▶ [Description of the task]
From the data below, set down exactly the lines between the one holding "Solidspare 61630 Sectional" and the one holding "Mijobs Mi Band", inclusive, and no others.

▶ [Records to process]
* * * * *
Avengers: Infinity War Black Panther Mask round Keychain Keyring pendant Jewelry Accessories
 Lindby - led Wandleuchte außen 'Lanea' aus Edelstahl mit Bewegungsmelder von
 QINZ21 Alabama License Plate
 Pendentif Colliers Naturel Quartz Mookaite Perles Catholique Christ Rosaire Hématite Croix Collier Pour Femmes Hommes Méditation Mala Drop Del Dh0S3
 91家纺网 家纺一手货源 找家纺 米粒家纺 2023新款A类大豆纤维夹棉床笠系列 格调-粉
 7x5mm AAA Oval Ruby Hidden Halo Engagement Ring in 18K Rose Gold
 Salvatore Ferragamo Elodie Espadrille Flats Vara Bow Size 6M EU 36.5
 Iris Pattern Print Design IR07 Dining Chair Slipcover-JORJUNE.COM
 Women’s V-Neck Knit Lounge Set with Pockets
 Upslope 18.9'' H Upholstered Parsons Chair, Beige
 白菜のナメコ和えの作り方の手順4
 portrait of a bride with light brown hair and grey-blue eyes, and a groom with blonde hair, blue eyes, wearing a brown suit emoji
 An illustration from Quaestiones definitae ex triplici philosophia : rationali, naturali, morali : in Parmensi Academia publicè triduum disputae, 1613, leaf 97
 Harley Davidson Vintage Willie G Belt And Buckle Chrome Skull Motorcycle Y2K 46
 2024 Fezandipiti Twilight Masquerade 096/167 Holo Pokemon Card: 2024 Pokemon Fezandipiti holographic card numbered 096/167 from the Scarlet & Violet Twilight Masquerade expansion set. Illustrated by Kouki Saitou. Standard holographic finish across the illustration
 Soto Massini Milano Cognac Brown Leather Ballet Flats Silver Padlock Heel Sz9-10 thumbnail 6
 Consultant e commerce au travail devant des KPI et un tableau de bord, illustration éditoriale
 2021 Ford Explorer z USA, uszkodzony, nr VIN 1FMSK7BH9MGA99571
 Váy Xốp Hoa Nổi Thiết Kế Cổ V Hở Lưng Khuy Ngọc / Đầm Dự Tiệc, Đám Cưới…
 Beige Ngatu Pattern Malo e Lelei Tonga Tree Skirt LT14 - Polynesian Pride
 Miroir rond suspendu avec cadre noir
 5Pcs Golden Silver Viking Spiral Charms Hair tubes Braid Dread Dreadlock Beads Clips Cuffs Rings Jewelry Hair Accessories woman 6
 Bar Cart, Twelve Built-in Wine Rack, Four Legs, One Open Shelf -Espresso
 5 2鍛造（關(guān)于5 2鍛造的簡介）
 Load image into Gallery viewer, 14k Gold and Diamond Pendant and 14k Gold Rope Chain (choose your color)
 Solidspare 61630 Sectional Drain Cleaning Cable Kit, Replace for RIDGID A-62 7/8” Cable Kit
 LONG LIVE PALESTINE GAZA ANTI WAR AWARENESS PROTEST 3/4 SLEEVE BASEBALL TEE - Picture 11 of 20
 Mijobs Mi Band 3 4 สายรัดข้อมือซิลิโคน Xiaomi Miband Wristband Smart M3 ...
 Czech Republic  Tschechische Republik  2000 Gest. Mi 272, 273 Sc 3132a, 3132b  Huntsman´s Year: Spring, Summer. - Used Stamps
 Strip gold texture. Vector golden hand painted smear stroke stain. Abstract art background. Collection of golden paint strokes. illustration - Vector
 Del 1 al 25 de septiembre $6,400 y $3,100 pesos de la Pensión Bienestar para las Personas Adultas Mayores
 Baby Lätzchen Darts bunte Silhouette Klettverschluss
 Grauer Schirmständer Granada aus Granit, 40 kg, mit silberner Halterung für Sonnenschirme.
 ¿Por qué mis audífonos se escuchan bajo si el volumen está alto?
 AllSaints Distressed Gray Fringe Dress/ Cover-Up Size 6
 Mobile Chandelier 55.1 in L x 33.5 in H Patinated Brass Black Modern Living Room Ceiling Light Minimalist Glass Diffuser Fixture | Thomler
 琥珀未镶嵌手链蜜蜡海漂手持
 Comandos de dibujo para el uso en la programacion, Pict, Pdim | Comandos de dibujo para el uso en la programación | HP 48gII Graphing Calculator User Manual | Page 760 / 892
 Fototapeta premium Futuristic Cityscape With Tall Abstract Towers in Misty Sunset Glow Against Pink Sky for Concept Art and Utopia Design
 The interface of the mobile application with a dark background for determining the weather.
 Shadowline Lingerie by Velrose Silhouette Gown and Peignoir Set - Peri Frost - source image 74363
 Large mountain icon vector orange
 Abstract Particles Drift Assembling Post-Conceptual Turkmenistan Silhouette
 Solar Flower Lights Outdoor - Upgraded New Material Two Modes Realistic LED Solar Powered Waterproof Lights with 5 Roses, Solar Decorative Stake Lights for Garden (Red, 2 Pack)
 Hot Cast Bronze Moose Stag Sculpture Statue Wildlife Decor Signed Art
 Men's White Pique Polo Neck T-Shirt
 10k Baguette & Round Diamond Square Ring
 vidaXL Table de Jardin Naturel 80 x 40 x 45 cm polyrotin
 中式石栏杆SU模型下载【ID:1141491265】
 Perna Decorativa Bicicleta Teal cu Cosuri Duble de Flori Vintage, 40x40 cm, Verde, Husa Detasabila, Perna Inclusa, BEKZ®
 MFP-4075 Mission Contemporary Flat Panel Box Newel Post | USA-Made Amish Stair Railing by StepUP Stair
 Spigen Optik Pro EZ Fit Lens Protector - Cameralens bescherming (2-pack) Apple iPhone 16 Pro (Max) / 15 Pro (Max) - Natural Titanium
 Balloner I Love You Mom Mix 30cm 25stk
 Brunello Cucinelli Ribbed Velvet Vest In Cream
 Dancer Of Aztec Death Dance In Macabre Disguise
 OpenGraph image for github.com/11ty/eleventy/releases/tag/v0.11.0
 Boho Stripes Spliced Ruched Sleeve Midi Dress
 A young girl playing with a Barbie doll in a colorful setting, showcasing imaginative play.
* * * * *
▶ [Exercise result]
 Solidspare 61630 Sectional Drain Cleaning Cable Kit, Replace for RIDGID A-62 7/8” Cable Kit
 LONG LIVE PALESTINE GAZA ANTI WAR AWARENESS PROTEST 3/4 SLEEVE BASEBALL TEE - Picture 11 of 20
 Mijobs Mi Band 3 4 สายรัดข้อมือซิลิโคน Xiaomi Miband Wristband Smart M3 ...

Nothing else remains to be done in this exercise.